1957 Hudson Metropolitan

George W. Mason, Nash's president, was familiar with the transatlantic co-operation, teaming up with Donald Healey to produce the Nash-Healey sports car and with Austin. In similar fashion, the Metropolitan was assembled at Longbridge for the American concern. Since Nash's factories were not configured to build cars of the Metropolitan's size, Mason's solution was collaboration with a European manufacturer. Additional, Nash did not have a suitable engine or transmission.

During the 1950s, most American manufacturers were becoming bigger and bigger. Nash/Hudson went in a different direction. Following the well-received concept car called the NXI, along with other prototype and concept vehicles, Nash felt a smaller product would distinguish them from the over-populated mid- and large-car market that included GM, Chrysler and Ford. The NXI was put into production in 1953, and starting in 1954, the car would be marketed as the Metropolitan. This would be the first car designed by an American company and manufactured overseas for the United States. The sales of the Metropolitan counted against England's war debt to the United States.

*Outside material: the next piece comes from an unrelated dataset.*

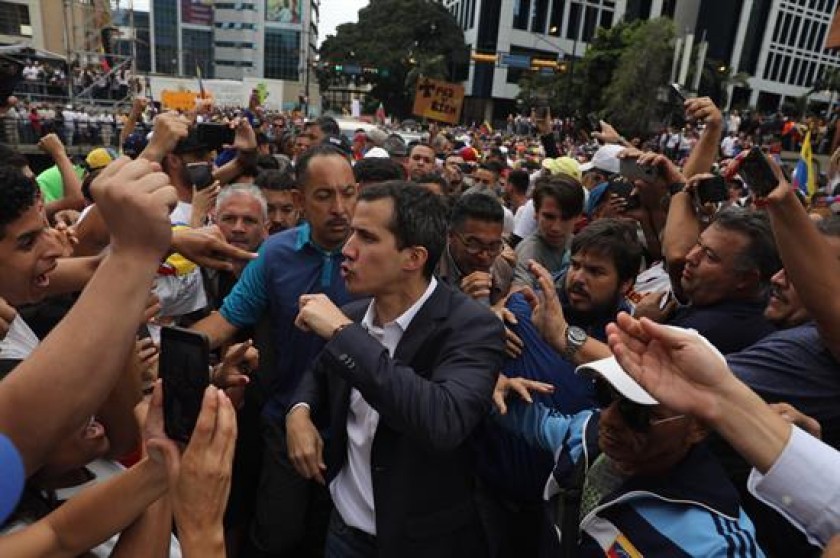 El presidente del Parlamento, Juan Guaidó, anuncia que asume la presidencia de Venezuela de forma interina. FOTO: EFE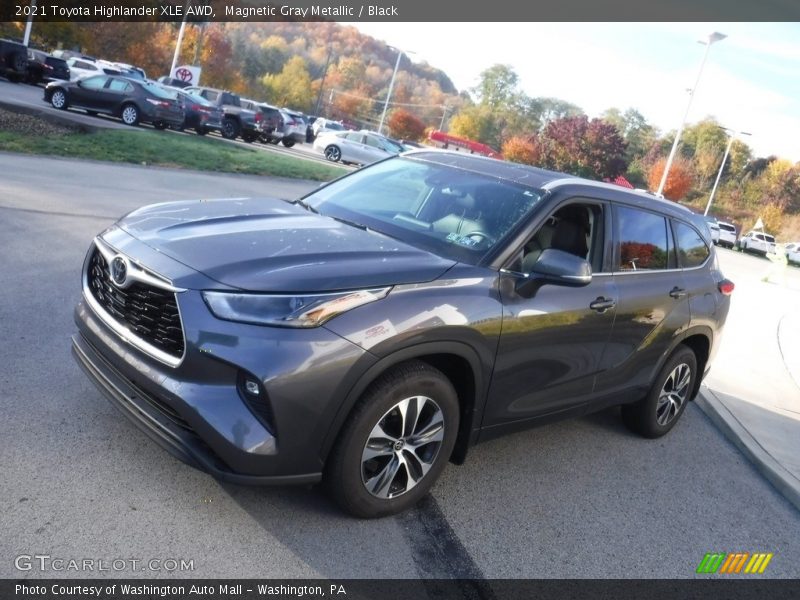 Magnetic Gray Metallic / Black 2021 Toyota Highlander XLE AWD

Although there was not a lot of competition in the small car market, Nash/Hudson was not alone, with European manufacturers such as Fiat providing competition. The Metropolitan was luxurious and well-appointed, with options that included an AM radio and electric windshield wipers.

The Metropolitan was marketed under its own name in the UK and as either a Nash or Hudson in the USA. (Hudson had merged with the Nash-Kelvinator Corporation to form American Motors Corporation (AMC) in May of 1954).

The Metropolitan was built as either a two-door coupe or convertible, and often finished in two-tone colour schemes. Most of the mechanical parts were sourced from the BMC parts bin, and its running gear was shared with the contemporary Austin A30/A40. The engine first used was Austin's 1,200cc A-series unit. The 1,489cc B-Series became standardized from mid-1956. A three-speed gearbox with column change was the only transmission on offer.

With the introduction of the '1500' model, the Metropolitan also came with extensive restyling, including the loss of its bonnet air intake and the addition of a new front grille. From April 1957, the car was available in right-hand drive form on the United Kingdom market. By the time production ceased in 1961 a total of 104,377 Metropolitans of all types had been built.


By Daniel Vaughan | Sep 2019

Related Reading : Hudson Metropolitan History

The Nash Metropolitan was produced from 1954 through 1962. In 1954 the Nash-Kelvinator Corporation merged with Hudson Motor Car Company to form the American Motors Corporation (AMC). It was the largest corporate merger in the United States history up to that point. When most other automobile manufacturers of the time were creating large automobiles, the Nash Motor Company set out to produce....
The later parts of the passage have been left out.